Wenn Kalkofe den Zustand des Mediums TV beschreibt, reichen Zitate…

„Das deutsche Fernsehen steckt momentan in seiner größten Krise“,
„Es weiß nicht mehr, für wen es Programm macht und warum. Und das, obwohl es noch nie so viele Möglichkeiten gab wie heute.“
„gesendetem Vakuum“
„gemordeter Lebenszeit“
„Programmersatzstoffen“
„schlecht ausgebildete Schnürsenkelverkäufer“ (Moderatoren)
„talentresistente Laiendarsteller“ (Schauspieler)
„Geschichten, die das Leben nie schreiben würde, weil es ihm peinlich wäre“.

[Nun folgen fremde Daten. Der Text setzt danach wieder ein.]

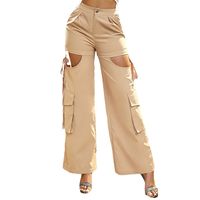 Women's Daily Simple Style Solid Color Full Length Hollow Out Casual Pants Cargo Pants main image 2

„nicht mehr das Gehirn der Kollegen aus dem Ausland auf den Kopierer zu legen“
„Wer es sich leisten kann, schaltet nicht mehr ein.“
„Das Publikum weiß doch gar nicht, was es will. Deshalb ist es auch Zuschauer und nicht Macher.“
„kreativen Querschnittslähmung“
„Die, die immer einschalten, weil sie keine Alternative haben, dürfen nicht die Messgrundlage für unsere Fernsehkultur sein.“
„Machen Sie doch endlich wieder ein Programm, das Sie selbst gern sehen wollen!“
Zumindest der ProSieben-Chef gestand den Ausführungen von Kalkofes „etwas Wahres“ zu.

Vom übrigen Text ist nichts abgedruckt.